— Aim of the exercise —
Whatever the records below say, write them all out exactly.
• • • • •
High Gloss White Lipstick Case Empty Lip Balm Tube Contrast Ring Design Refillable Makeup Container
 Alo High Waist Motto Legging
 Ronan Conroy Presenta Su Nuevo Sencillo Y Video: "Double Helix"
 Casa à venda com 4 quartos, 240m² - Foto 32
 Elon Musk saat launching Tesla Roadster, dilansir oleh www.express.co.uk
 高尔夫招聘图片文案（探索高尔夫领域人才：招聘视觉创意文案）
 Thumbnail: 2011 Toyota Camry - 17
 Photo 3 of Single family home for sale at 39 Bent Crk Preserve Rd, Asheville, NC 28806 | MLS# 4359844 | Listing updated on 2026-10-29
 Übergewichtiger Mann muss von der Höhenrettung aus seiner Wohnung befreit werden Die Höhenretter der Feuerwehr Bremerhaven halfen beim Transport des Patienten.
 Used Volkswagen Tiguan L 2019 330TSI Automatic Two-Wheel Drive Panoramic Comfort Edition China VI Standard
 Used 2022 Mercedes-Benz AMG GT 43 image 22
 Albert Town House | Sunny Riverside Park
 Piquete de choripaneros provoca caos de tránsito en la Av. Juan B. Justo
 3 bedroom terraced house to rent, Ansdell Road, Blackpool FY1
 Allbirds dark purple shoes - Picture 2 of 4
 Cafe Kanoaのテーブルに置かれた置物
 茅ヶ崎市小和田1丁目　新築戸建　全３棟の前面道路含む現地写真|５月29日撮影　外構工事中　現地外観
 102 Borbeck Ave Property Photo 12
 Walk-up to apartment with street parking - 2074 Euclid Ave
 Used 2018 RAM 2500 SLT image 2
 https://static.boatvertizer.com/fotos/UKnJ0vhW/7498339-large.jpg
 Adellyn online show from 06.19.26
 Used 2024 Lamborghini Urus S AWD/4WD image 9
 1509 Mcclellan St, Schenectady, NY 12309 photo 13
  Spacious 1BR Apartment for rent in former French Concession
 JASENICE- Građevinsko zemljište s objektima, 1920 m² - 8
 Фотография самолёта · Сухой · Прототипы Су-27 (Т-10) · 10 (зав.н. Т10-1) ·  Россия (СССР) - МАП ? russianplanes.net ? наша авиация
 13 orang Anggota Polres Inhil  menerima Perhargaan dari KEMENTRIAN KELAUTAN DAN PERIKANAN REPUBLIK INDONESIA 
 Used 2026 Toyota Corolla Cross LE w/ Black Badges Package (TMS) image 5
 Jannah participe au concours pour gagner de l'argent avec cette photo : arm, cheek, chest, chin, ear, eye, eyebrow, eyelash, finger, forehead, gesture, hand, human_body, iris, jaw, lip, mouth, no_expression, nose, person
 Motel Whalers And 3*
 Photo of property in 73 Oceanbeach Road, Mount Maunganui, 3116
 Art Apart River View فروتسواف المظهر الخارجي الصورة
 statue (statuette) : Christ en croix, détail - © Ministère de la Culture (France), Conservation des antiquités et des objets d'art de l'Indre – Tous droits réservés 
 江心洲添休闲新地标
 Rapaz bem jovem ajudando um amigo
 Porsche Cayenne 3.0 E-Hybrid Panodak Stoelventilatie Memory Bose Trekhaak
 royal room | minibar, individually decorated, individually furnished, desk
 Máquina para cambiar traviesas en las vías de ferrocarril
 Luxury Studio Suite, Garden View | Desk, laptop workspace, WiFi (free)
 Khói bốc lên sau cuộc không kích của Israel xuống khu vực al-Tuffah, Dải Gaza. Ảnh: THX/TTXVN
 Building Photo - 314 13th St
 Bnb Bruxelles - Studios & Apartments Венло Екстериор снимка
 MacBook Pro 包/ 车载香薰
• • • • •
— The completed task —
High Gloss White Lipstick Case Empty Lip Balm Tube Contrast Ring Design Refillable Makeup Container
 Alo High Waist Motto Legging
 Ronan Conroy Presenta Su Nuevo Sencillo Y Video: "Double Helix"
 Casa à venda com 4 quartos, 240m² - Foto 32
 Elon Musk saat launching Tesla Roadster, dilansir oleh www.express.co.uk
 高尔夫招聘图片文案（探索高尔夫领域人才：招聘视觉创意文案）
 Thumbnail: 2011 Toyota Camry - 17
 Photo 3 of Single family home for sale at 39 Bent Crk Preserve Rd, Asheville, NC 28806 | MLS# 4359844 | Listing updated on 2026-10-29
 Übergewichtiger Mann muss von der Höhenrettung aus seiner Wohnung befreit werden Die Höhenretter der Feuerwehr Bremerhaven halfen beim Transport des Patienten.
 Used Volkswagen Tiguan L 2019 330TSI Automatic Two-Wheel Drive Panoramic Comfort Edition China VI Standard
 Used 2022 Mercedes-Benz AMG GT 43 image 22
 Albert Town House | Sunny Riverside Park
 Piquete de choripaneros provoca caos de tránsito en la Av. Juan B. Justo
 3 bedroom terraced house to rent, Ansdell Road, Blackpool FY1
 Allbirds dark purple shoes - Picture 2 of 4
 Cafe Kanoaのテーブルに置かれた置物
 茅ヶ崎市小和田1丁目　新築戸建　全３棟の前面道路含む現地写真|５月29日撮影　外構工事中　現地外観
 102 Borbeck Ave Property Photo 12
 Walk-up to apartment with street parking - 2074 Euclid Ave
 Used 2018 RAM 2500 SLT image 2
 https://static.boatvertizer.com/fotos/UKnJ0vhW/7498339-large.jpg
 Adellyn online show from 06.19.26
 Used 2024 Lamborghini Urus S AWD/4WD image 9
 1509 Mcclellan St, Schenectady, NY 12309 photo 13
  Spacious 1BR Apartment for rent in former French Concession
 JASENICE- Građevinsko zemljište s objektima, 1920 m² - 8
 Фотография самолёта · Сухой · Прототипы Су-27 (Т-10) · 10 (зав.н. Т10-1) ·  Россия (СССР) - МАП ? russianplanes.net ? наша авиация
 13 orang Anggota Polres Inhil  menerima Perhargaan dari KEMENTRIAN KELAUTAN DAN PERIKANAN REPUBLIK INDONESIA 
 Used 2026 Toyota Corolla Cross LE w/ Black Badges Package (TMS) image 5
 Jannah participe au concours pour gagner de l'argent avec cette photo : arm, cheek, chest, chin, ear, eye, eyebrow, eyelash, finger, forehead, gesture, hand, human_body, iris, jaw, lip, mouth, no_expression, nose, person
 Motel Whalers And 3*
 Photo of property in 73 Oceanbeach Road, Mount Maunganui, 3116
 Art Apart River View فروتسواف المظهر الخارجي الصورة
 statue (statuette) : Christ en croix, détail - © Ministère de la Culture (France), Conservation des antiquités et des objets d'art de l'Indre – Tous droits réservés 
 江心洲添休闲新地标
 Rapaz bem jovem ajudando um amigo
 Porsche Cayenne 3.0 E-Hybrid Panodak Stoelventilatie Memory Bose Trekhaak
 royal room | minibar, individually decorated, individually furnished, desk
 Máquina para cambiar traviesas en las vías de ferrocarril
 Luxury Studio Suite, Garden View | Desk, laptop workspace, WiFi (free)
 Khói bốc lên sau cuộc không kích của Israel xuống khu vực al-Tuffah, Dải Gaza. Ảnh: THX/TTXVN
 Building Photo - 314 13th St
 Bnb Bruxelles - Studios & Apartments Венло Екстериор снимка
 MacBook Pro 包/ 车载香薰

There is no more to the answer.